● TASK INPUTS
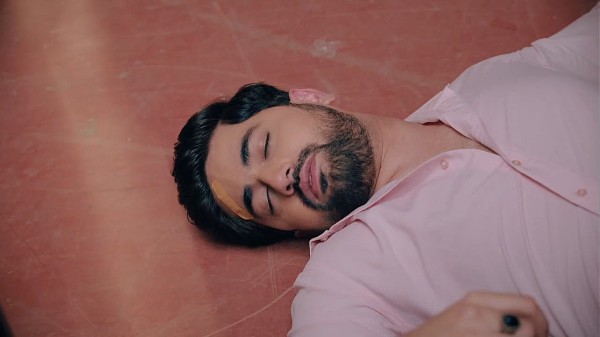 Fanaa Ishq Mein Marjawan – 131. epizoda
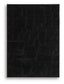 Gibbswell Washable Medium Rug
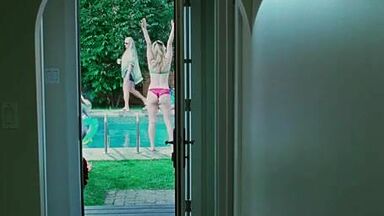 Jennifer Lawrence nude in Die My Love (2025)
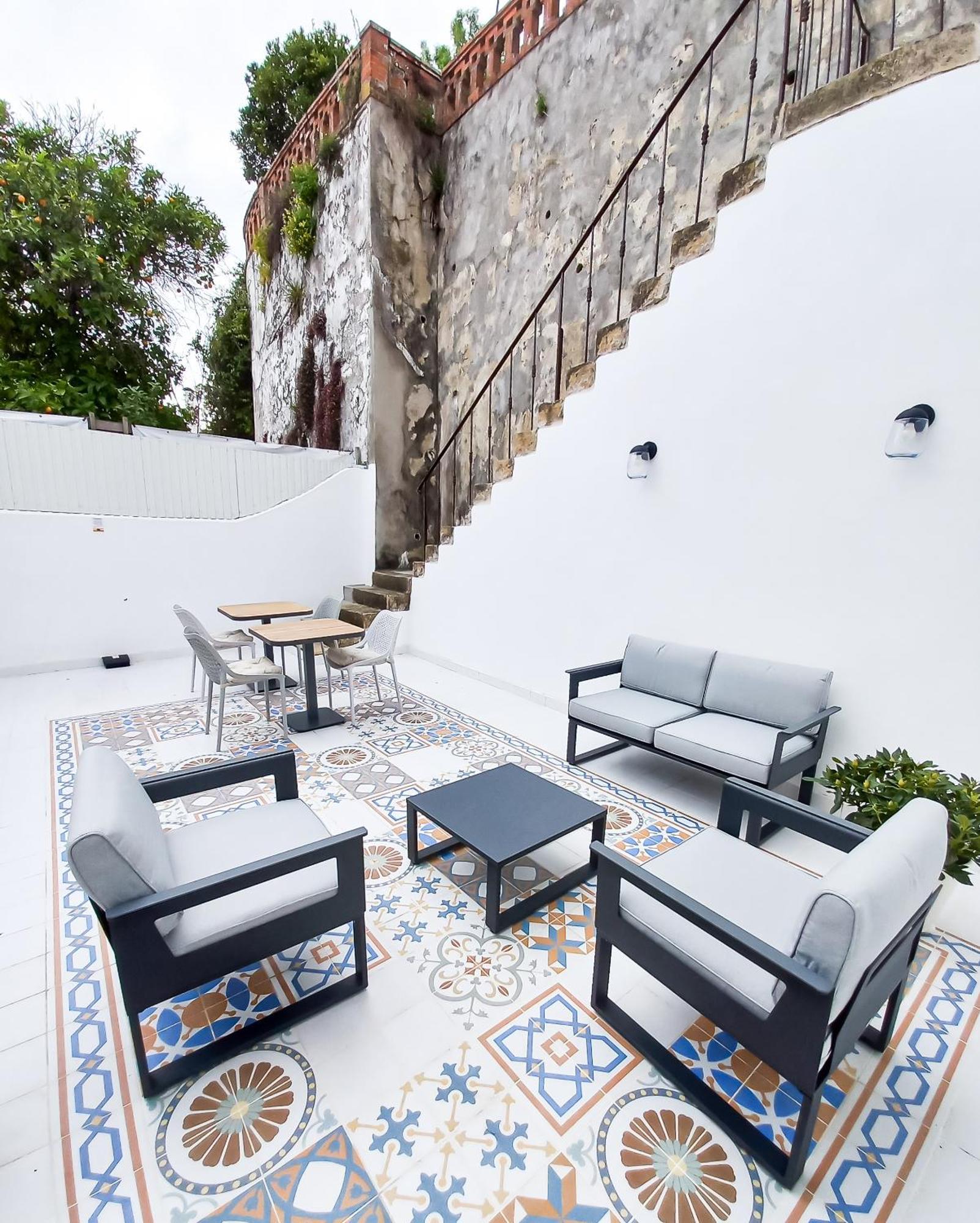 Laa Aparthotel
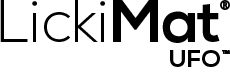 LickiMat UFO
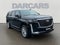 2022 Cadillac Escalade ESV Premium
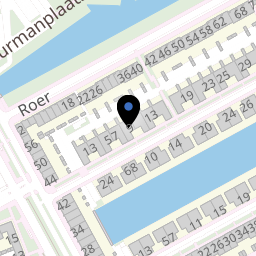 Appartement AMR04 E 609 67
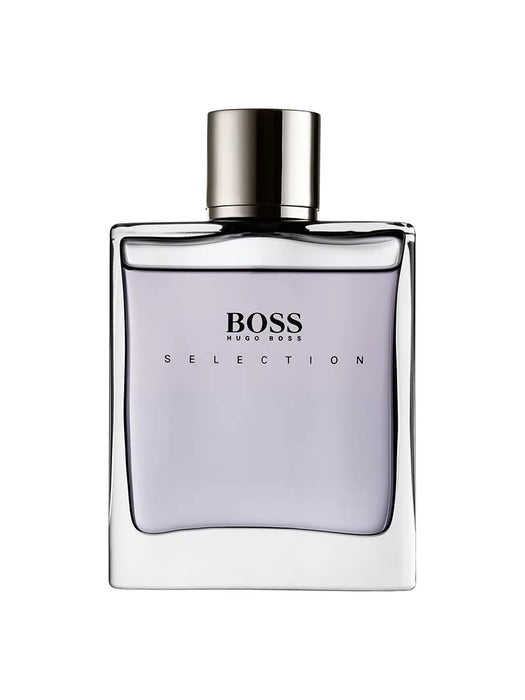 Hugo Boss Selection For Men 100 ML EDT Perfume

● WHAT IS REQUIRED
In the records, the line containing "Gibbswell Washable Medium Rug" starts the span and the final line ends it. Output exactly that span, both ends included, with no pictures and nothing else.

● TASK SOLUTION
 Gibbswell Washable Medium Rug
 Jennifer Lawrence nude in Die My Love (2025)
 Laa Aparthotel
 LickiMat UFO
 2022 Cadillac Escalade ESV Premium
 Appartement AMR04 E 609 67
 Hugo Boss Selection For Men 100 ML EDT Perfume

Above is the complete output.